Work to complete: Look for the line with "This charming, affordable" in the data below, then reproduce word for word that line and every line after it. Leave out all pictures and add nothing.

========

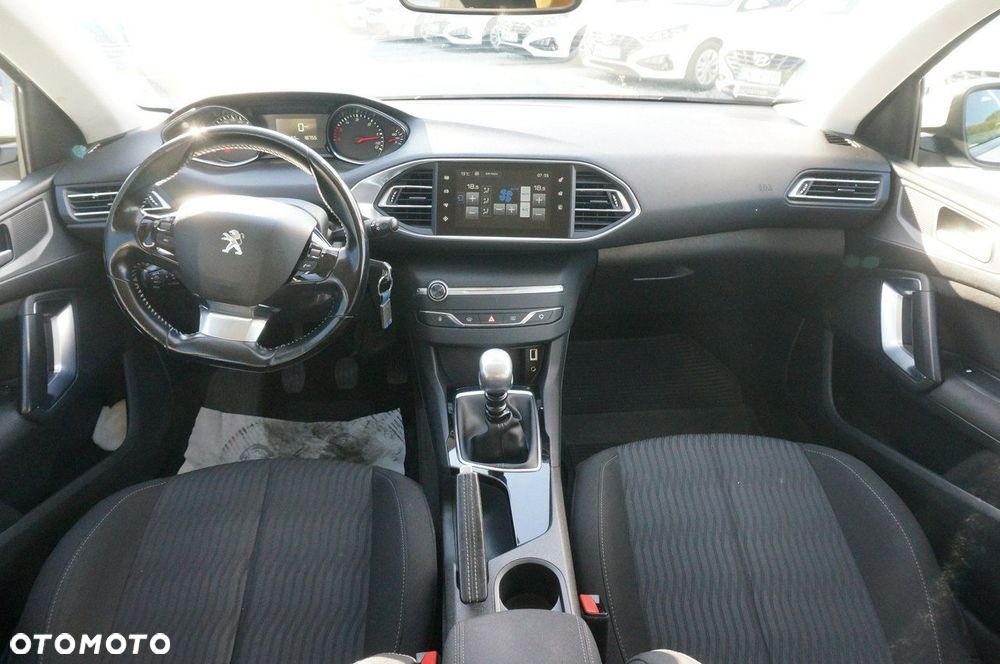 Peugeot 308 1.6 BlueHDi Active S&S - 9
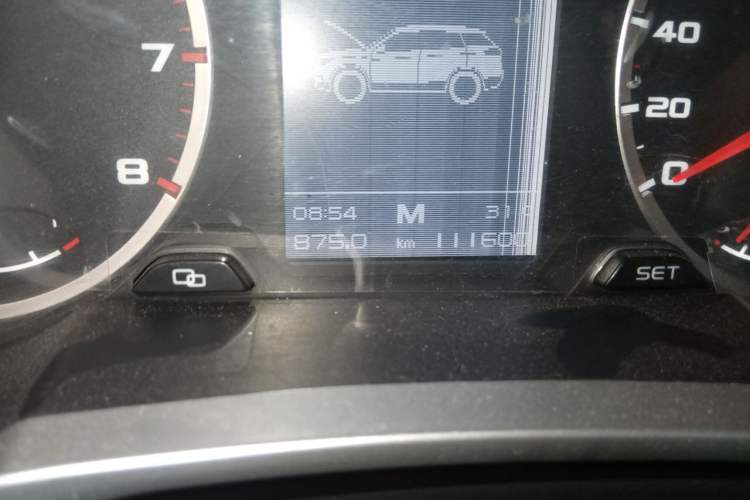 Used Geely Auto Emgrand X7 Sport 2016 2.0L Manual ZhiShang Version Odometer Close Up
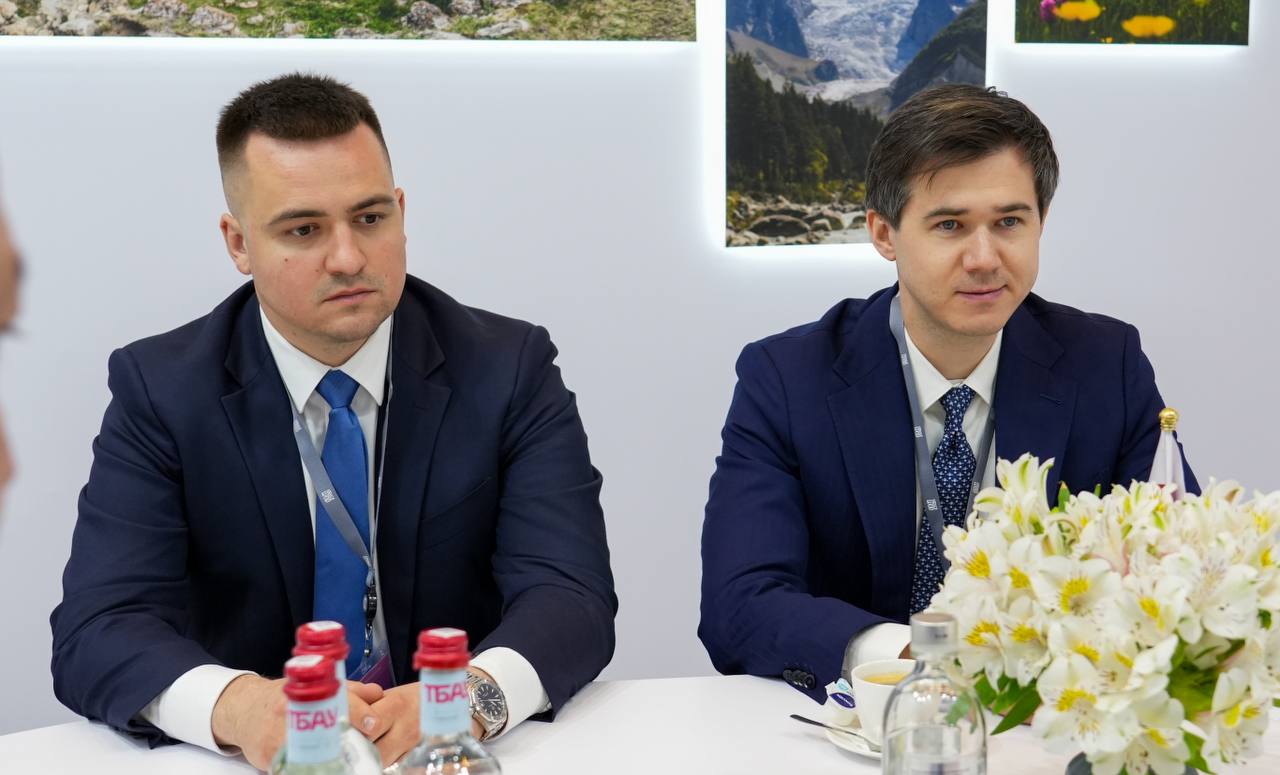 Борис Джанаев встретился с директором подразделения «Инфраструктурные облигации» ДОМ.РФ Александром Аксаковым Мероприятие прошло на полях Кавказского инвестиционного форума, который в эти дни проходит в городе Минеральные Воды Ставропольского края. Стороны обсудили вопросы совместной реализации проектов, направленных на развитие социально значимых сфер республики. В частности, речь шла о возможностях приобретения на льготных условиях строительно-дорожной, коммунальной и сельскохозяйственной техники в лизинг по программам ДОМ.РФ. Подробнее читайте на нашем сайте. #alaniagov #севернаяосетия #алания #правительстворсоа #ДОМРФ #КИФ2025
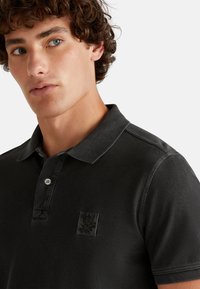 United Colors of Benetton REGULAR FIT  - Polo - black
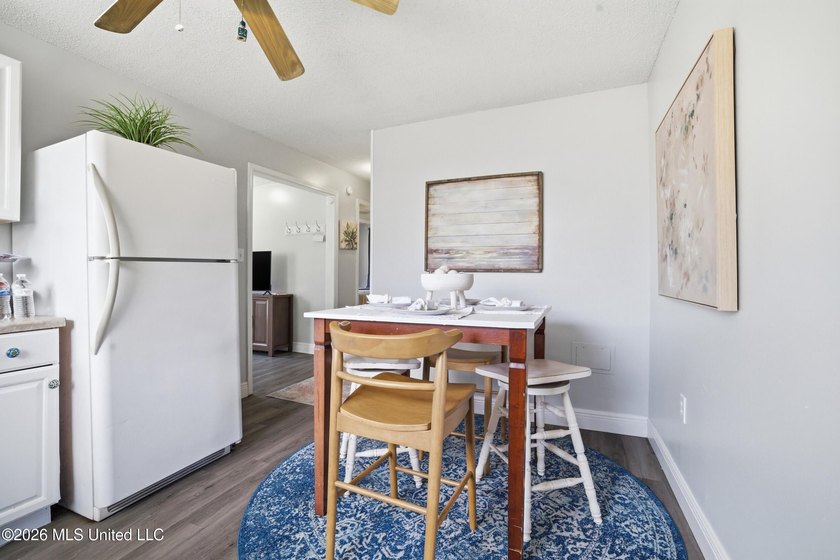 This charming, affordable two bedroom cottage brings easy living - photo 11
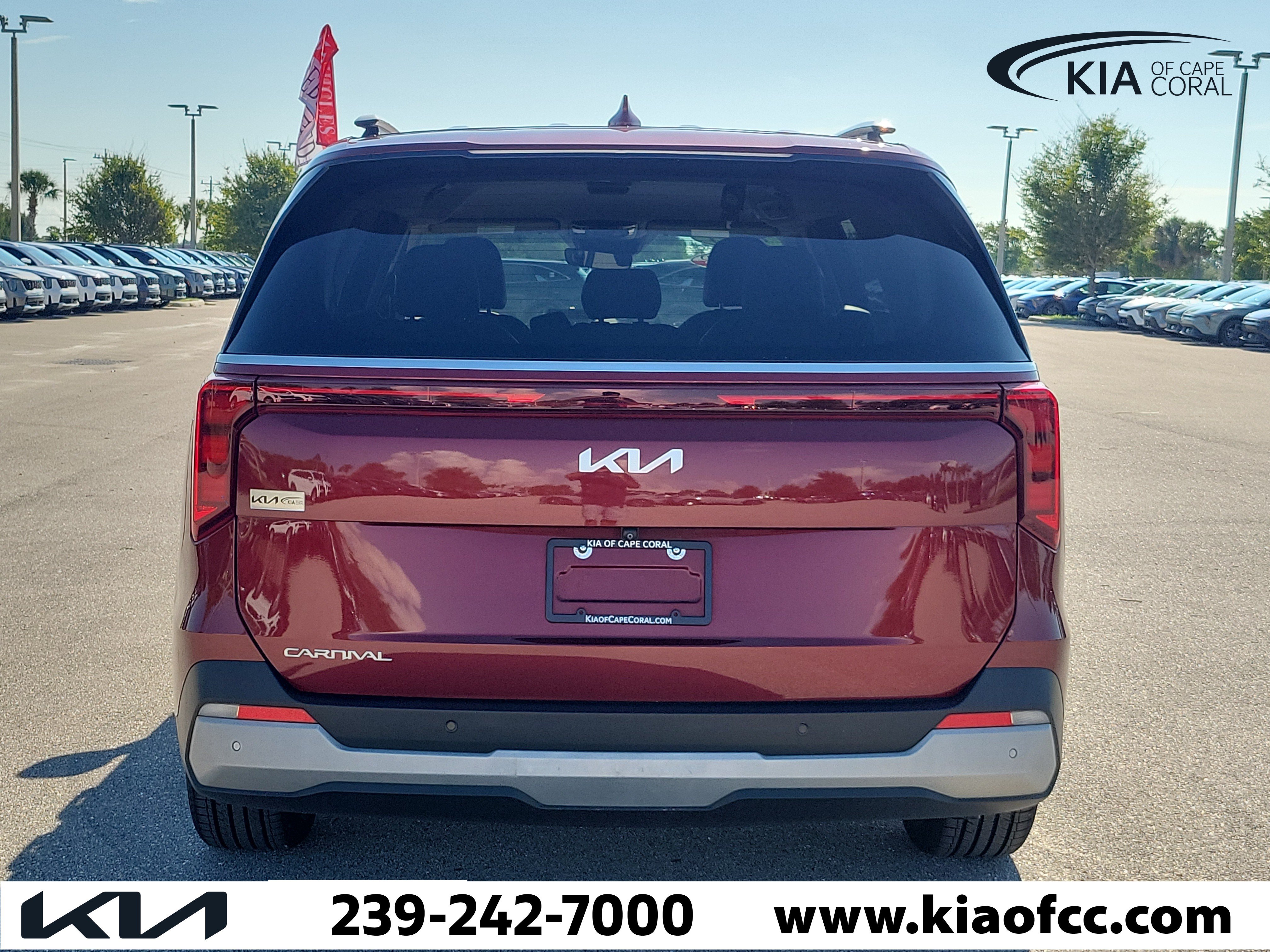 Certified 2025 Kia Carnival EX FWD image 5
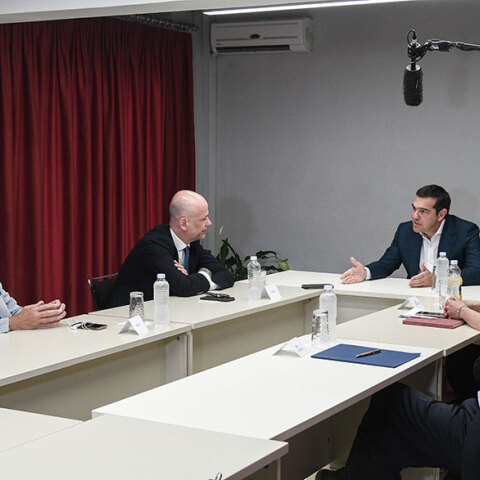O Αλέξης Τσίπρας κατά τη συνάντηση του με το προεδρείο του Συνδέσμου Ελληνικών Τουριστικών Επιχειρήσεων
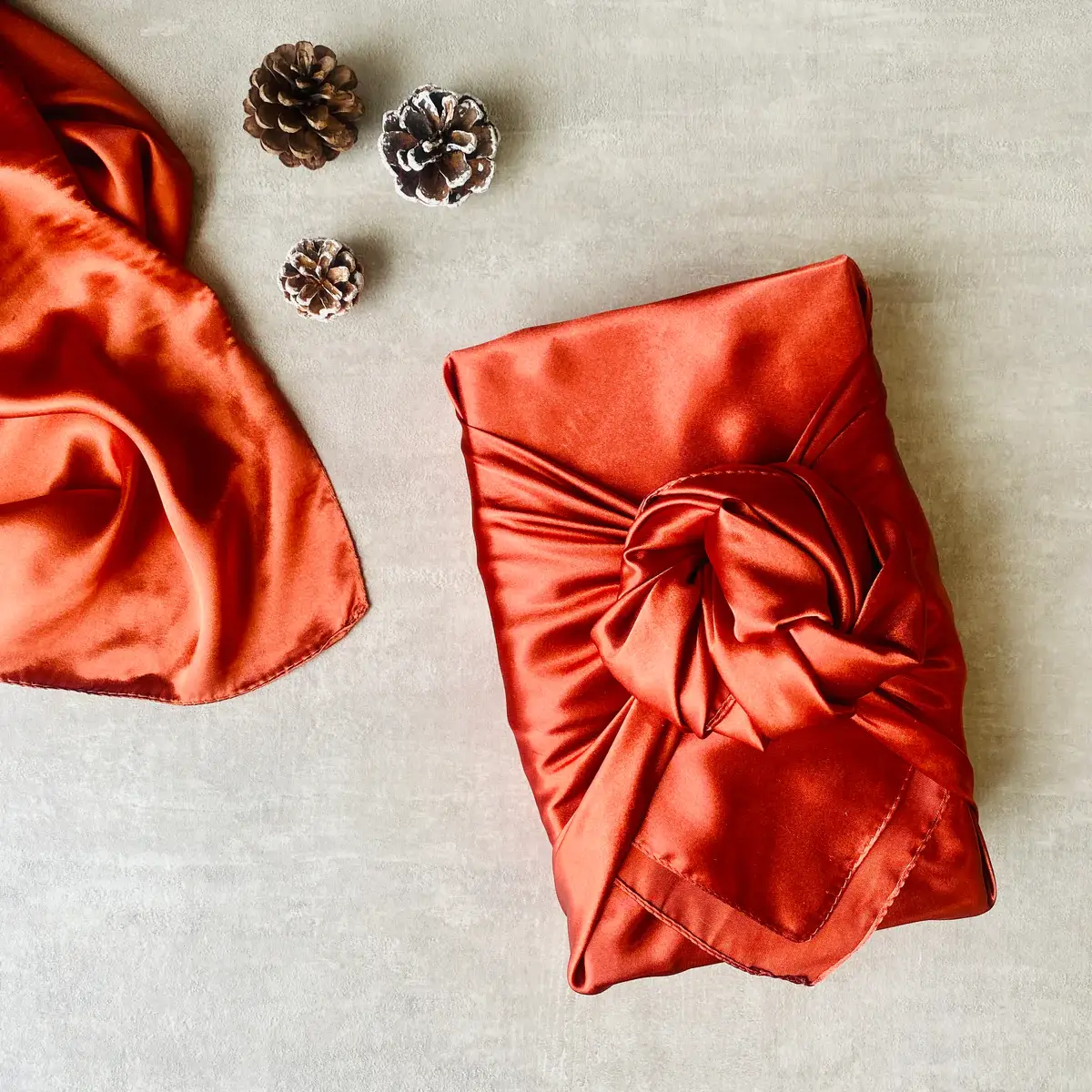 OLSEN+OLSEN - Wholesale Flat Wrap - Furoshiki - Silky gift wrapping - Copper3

========

Answer section:
 This charming, affordable two bedroom cottage brings easy living - photo 11
 Certified 2025 Kia Carnival EX FWD image 5
O Αλέξης Τσίπρας κατά τη συνάντηση του με το προεδρείο του Συνδέσμου Ελληνικών Τουριστικών Επιχειρήσεων
 OLSEN+OLSEN - Wholesale Flat Wrap - Furoshiki - Silky gift wrapping - Copper3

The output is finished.